Jerry: Of the 30,000 German Jewish men who were incarcerated that night, how many of them were released?
Rafael: The camps that we refer to in 1938 were concentration camps, not death camps as we later know. They were brutal detention facilities. Many of the people arrested on the night of Kristallnacht were released on condition that they would emigrate from Germany within a very short time. The problem was that there were so few countries that willing to open their doors and take them. It was possible to be released from Dachau or Buchenwald, but it was made on condition, that they would leave and to find a place to go was an extremely difficult task for a German Jew in 1938.
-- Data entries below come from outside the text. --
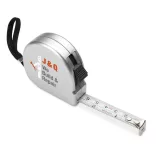 mo8239-16-metru-2m
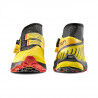 La Sportiva Jackal II Boa - Sapatilhas trail homem | Hardloop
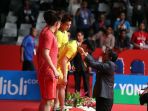 wiranto_20180128_205428.jpg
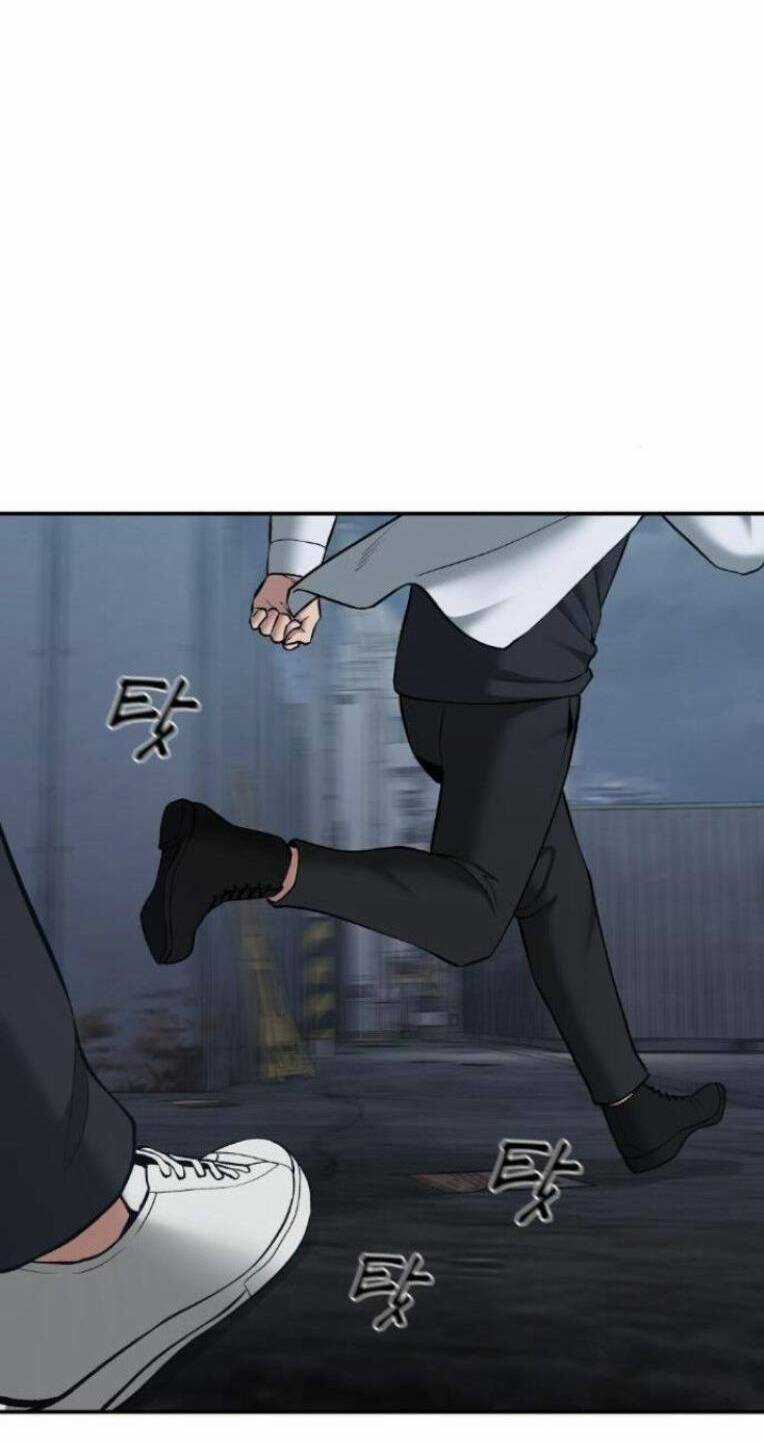 Quản Lí Du Côn Chapter 42 trang 98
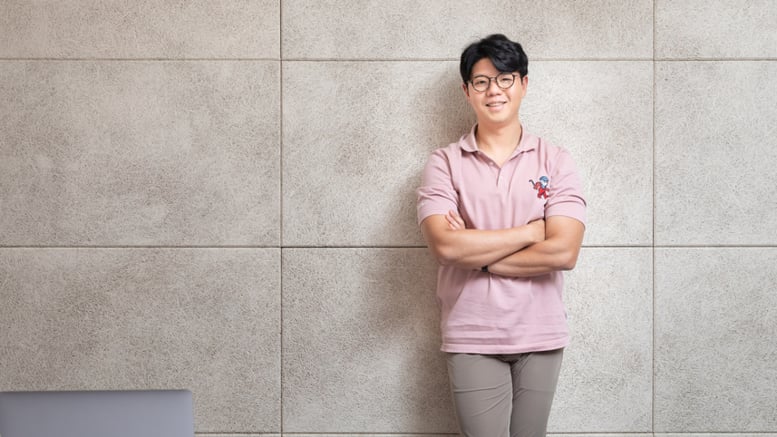 오일머니 들고 온 중동 투자자, K-브랜드 중동 파는 '상사맨' 됐다
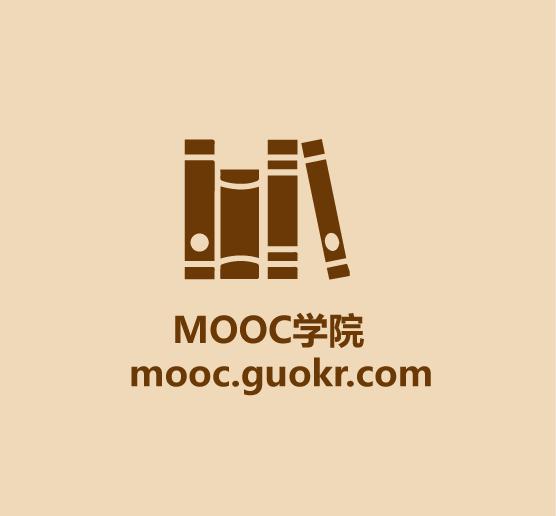 30秒盘点疫情期间可以学习的在线平台-6.jpg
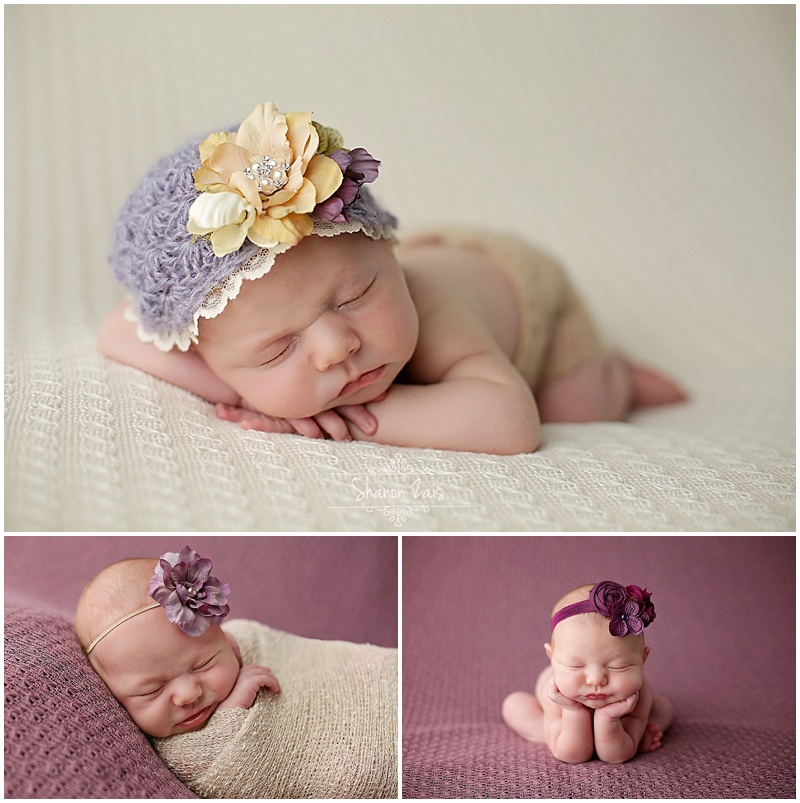 Rockwall Newborn Photographer_0144.jpg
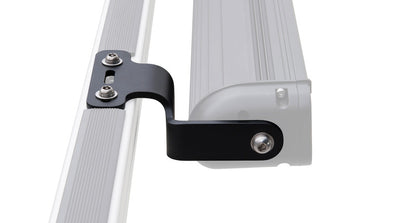 Rhino-Rack RHR Vortex Bracket
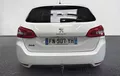 Miniature PEUGEOT 308 SW PureTech 110ch S&S BVM6 Style extérieur arrière 2128399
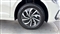 Volkswagen Polo Image 5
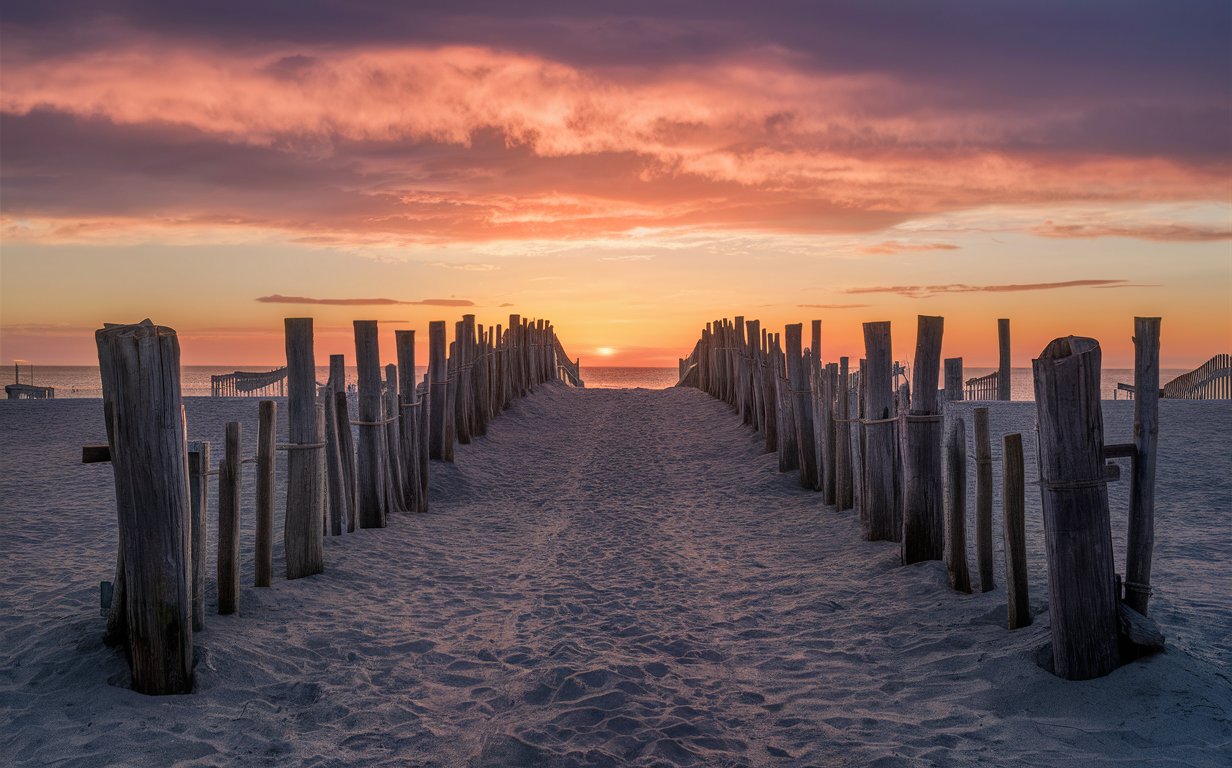 things to do in ocean city nj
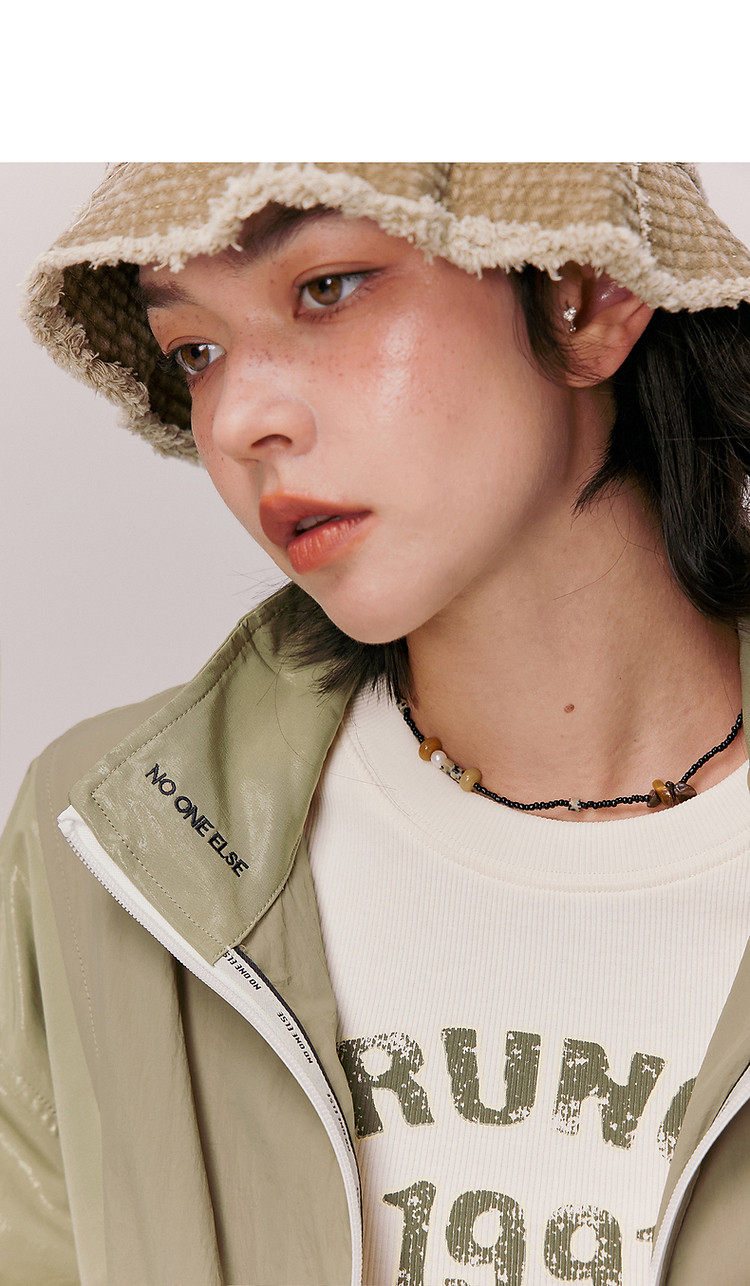 Product detail 24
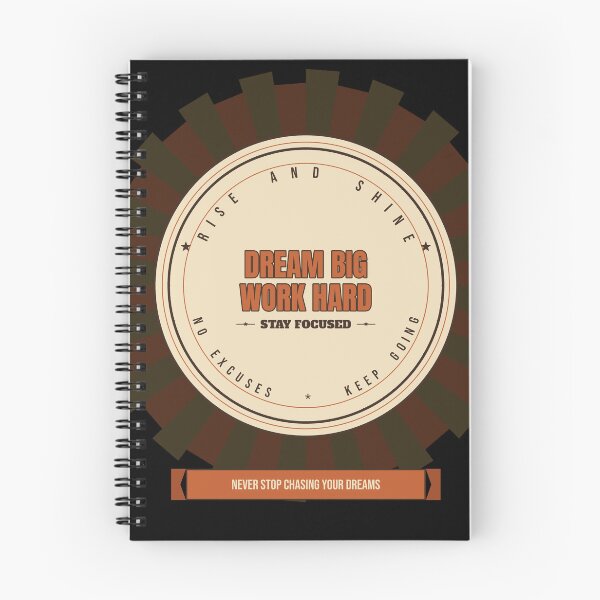 Item preview, Rise and Shine Retro Motivational Badge designed and sold by GP Creations.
Rod: What was the United States’ response to that? Did they take anybody in? What was the reaction of the FDR administration?
Rafael: The reaction involves several aspects. One was President Roosevelt’s immediate response. The second aspect was the question of immigration. Was the United States willing to take in any of the Jews trying to flee from Hitler? The third question was whether the Roosevelt administration would take any other sort of actions such as breaking diplomatic relations or ending trade with Germany. Each of those was a very important question that was on the minds of the American public and the American Jewish Community in the aftermath of the Nazi pogrom.
Rod: Did FDR and his Jewish advisors make any definitive response to go ahead and take people in?
Rafael: If you read the typical history book you will see the claim that Roosevelt responded quickly, forcefully, unequivocally in condemning the Nazi pogrom. That however is not the case. Now it may seem odd that there would even be a dispute about condemning it because how could anyone not condemn it, a massive pogrom. In fact, other world leaders did not condemn it. Germany’s neighbors like France and England were so nervous about the possibility of a conflict with Hitler that their leaders did not even issue specific condemnations of the pogrom. President Roosevelt’s response that was different than that of the British, the French and other world leaders. In fact, he did not initially condemn it. Two days after Kristallnacht, the Nazi pogrom, Roosevelt had his weekly press conference and he was asked by a reporter whether he had any statement about this massive violence going on in Germany. Keep in mind that Kristallnacht was no secret. It was front page headline news around the world.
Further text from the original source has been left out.